- Task statement
Return only the lines of the listing below that run from the line with "Creamy Chicken Florentine" through the line with "Stellenanzeige Einrichtungsleitung", both ends included, exactly as written.
--------
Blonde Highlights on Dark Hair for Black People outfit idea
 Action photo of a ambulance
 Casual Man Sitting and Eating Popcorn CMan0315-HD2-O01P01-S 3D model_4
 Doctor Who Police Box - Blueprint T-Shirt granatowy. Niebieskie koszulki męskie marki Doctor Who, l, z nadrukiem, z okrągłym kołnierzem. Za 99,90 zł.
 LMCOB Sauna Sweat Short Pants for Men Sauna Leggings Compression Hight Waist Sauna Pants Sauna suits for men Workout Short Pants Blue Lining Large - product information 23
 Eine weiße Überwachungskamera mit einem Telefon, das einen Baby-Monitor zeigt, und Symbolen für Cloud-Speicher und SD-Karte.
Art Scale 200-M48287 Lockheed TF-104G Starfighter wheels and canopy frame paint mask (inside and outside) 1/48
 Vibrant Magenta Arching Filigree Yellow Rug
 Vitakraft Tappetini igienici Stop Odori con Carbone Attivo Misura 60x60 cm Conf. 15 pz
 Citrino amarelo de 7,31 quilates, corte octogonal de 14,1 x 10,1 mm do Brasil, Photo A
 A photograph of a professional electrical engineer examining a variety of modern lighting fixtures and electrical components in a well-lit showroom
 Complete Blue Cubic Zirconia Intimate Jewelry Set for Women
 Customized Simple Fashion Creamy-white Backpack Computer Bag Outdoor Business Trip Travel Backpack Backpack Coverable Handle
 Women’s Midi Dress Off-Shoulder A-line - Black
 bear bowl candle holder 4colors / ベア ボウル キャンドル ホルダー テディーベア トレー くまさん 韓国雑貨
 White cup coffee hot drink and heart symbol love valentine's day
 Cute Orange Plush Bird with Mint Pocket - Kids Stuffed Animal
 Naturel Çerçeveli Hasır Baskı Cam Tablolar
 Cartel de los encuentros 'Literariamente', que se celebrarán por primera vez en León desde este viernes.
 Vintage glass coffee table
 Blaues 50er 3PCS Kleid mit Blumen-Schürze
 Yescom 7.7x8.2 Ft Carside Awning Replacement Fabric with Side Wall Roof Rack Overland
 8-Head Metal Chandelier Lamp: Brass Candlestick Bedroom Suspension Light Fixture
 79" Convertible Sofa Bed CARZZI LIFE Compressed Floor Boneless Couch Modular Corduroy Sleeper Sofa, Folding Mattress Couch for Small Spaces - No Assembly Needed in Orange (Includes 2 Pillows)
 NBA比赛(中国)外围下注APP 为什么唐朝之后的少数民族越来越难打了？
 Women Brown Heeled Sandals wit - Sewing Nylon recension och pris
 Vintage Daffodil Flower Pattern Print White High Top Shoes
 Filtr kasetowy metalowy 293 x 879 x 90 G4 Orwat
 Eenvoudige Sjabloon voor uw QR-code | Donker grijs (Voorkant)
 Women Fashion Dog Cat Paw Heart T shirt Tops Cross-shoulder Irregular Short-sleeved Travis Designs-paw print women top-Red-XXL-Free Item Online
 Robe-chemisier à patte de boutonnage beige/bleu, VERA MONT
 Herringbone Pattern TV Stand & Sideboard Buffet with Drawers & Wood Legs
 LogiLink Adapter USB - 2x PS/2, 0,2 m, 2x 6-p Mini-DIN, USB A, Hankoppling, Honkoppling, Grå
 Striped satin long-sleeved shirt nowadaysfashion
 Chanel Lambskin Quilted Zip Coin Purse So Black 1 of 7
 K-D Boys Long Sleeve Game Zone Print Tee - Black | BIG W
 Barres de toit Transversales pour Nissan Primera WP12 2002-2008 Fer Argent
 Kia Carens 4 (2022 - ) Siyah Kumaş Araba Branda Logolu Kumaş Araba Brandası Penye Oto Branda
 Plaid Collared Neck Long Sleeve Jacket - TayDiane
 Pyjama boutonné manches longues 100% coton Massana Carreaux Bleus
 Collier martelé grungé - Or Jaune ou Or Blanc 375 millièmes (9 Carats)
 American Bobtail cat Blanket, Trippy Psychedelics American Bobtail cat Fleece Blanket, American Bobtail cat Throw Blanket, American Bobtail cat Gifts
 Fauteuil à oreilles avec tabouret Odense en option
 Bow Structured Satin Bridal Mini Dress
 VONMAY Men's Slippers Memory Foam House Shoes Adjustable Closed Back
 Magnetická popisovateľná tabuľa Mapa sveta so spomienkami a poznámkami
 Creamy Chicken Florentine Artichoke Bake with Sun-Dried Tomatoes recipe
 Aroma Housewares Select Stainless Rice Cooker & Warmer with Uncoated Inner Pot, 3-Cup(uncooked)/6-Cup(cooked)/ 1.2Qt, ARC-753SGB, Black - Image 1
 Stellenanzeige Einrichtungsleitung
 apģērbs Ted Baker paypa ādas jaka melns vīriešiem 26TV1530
--------
- Result of this exercise
 Creamy Chicken Florentine Artichoke Bake with Sun-Dried Tomatoes recipe
 Aroma Housewares Select Stainless Rice Cooker & Warmer with Uncoated Inner Pot, 3-Cup(uncooked)/6-Cup(cooked)/ 1.2Qt, ARC-753SGB, Black - Image 1
 Stellenanzeige Einrichtungsleitung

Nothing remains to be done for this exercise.